Pourquoi y a-t-il une statuette sur le capot des Rolls-Royce ?

Vous connaissez certainement la silhouette de la Flying Lady. Je viens d’ailleurs de vous mettre sur la voie deux lignes plus haut : c’est la statuette qui orne les bouchons de radiateur des Rolls-Royce, les bras en croix, rutilante et argentée.

On jurerait une miniature de la Victoire de Samothrace, la tête en plus, la majesté hellénique en moins. Sa frime surprend : une arrogance difficilement compatible avec la classe toute british de Rolls-Royce.

La firme fut fondée en 1906 en Angleterre par l’ingénieur Henry Royce et l’homme d’affaires Hon C.S. Rolls. Cette année-là, après plusieurs victoires en compétition de leurs prototypes, ils proposèrent aux acheteurs le modèle Rolls-Royce 40/50 HP, qui deviendra célèbre sous le nom de Silver Ghost. Un engin de plus d’une tonne et demie, pour 7 litres de cylindrée et une puissance de 48 chevaux, capable de flirter avec le 100 km/h.

Pour démontrer sa fiabilité, un associé de Hon C.S. Rolls, Claude Johnson réalisa un test d’endurance. Sa Silver Ghost accomplit 24 140 kilomètres, sans aucun incident sur la distance, si ce n’est que le robinet d’essence avait une fâcheuse tendance à se fermer tout seul au bout de 1 000 kilomètres, à cause des trépidations de la machine.
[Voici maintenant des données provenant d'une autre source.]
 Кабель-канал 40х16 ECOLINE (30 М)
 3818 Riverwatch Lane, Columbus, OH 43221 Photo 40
Le coût total de la remise en état de la voiture à l’issue de cette randonnée se limita à 2 livres, 2 shillings, et 7 pence… Qui dirait mieux aujourd’hui ?
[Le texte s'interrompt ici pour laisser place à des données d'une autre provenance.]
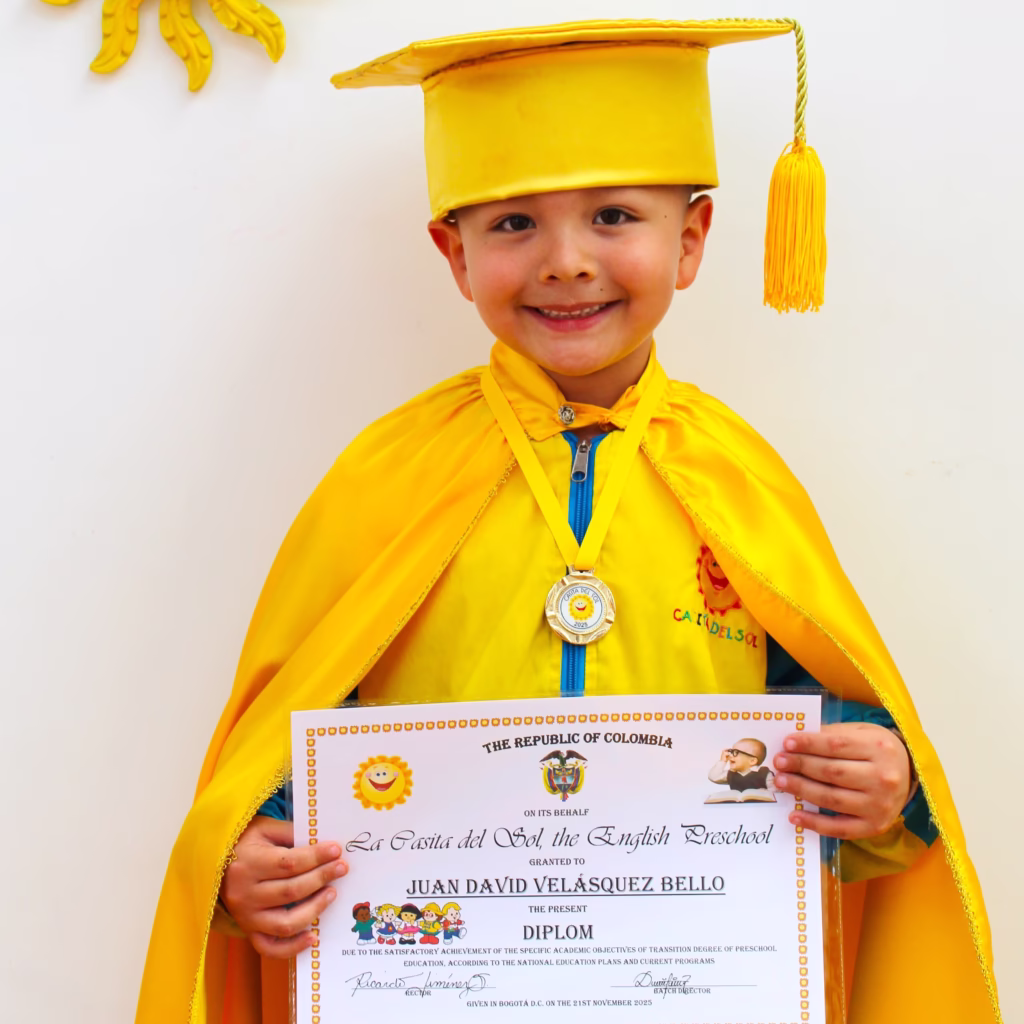 Juan David Velásquez Bello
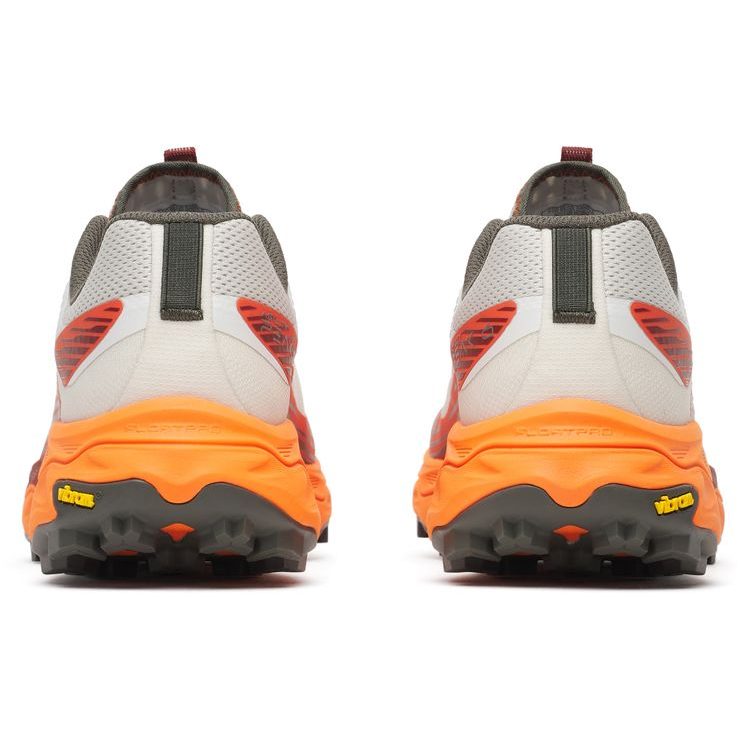 MERRELL AGILITY PEAK 6 M edgecomb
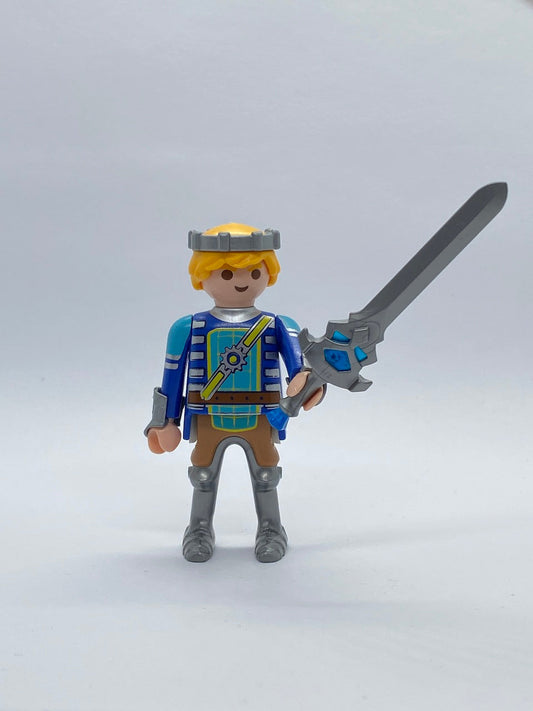 Playmobil Ritter - A1680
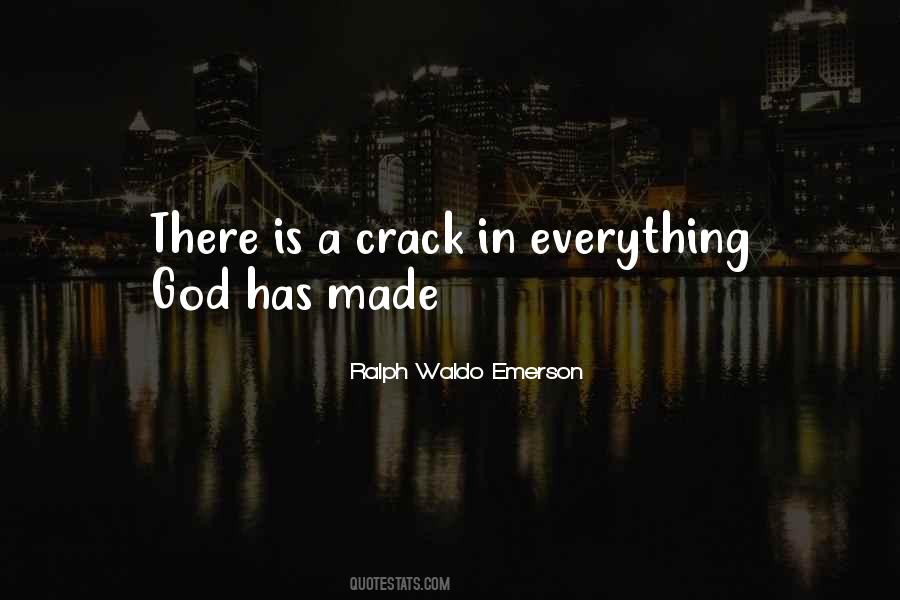 Psihoza Forum Quotes #1147231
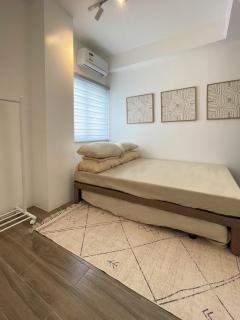 Comfort Meets Style 2 BR Loft - 5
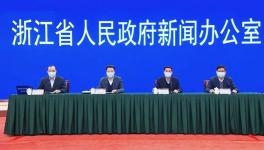 “復(fù)工率”造假！主管部門表態(tài)“零容忍”！誰(shuí)拖了復(fù)工的后腿？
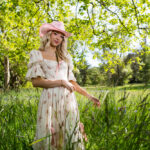 Spring Style Shoot with Emily 10 Spring Style Shoot with Emily, TRW01446
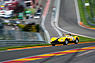 Impressionen von Spa Classic 2012 - Sportliche Privatrunden (© Julien Mahiels, 2012) Impressionen von Spa Classic 2012 - Sportliche Privatrunden (© Julien Mahiels, 2012)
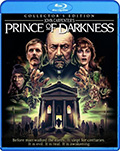 Collector's Edition Bluray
Le succès commercial ne se fit pas attendre. Rolls-Royce fabriqua la 40/50 HP jusqu’en 1925 dans ses ateliers de Derby.

Mais un détail chiffonnait Claude Johnson. Chaque propriétaire personnalisait son véhicule en fixant sa mascotte au sommet du bouchon de radiateur : qui une balle de golf évidée, qui une effigie de bouledogue, qui un poussin avec une demi-coquille d’œuf sur la tête…

Une hérésie ! Comment la plus chère et la meilleure voiture du monde pouvait-elle être à ce point défigurée par ses acquéreurs avec ces objets hétéroclites, bon marché et de si mauvais genre ? Il fut décidé d’installer sur tous les modèles Rolls-Royce d’origine un seul et même emblème, une statuette : la fameuse Flying Lady, création du sculpteur Sykes.

Quant à l’anguleux dessin du radiateur, il s’inspirait, lui, du Parthénon. On fait ce qu’on peut.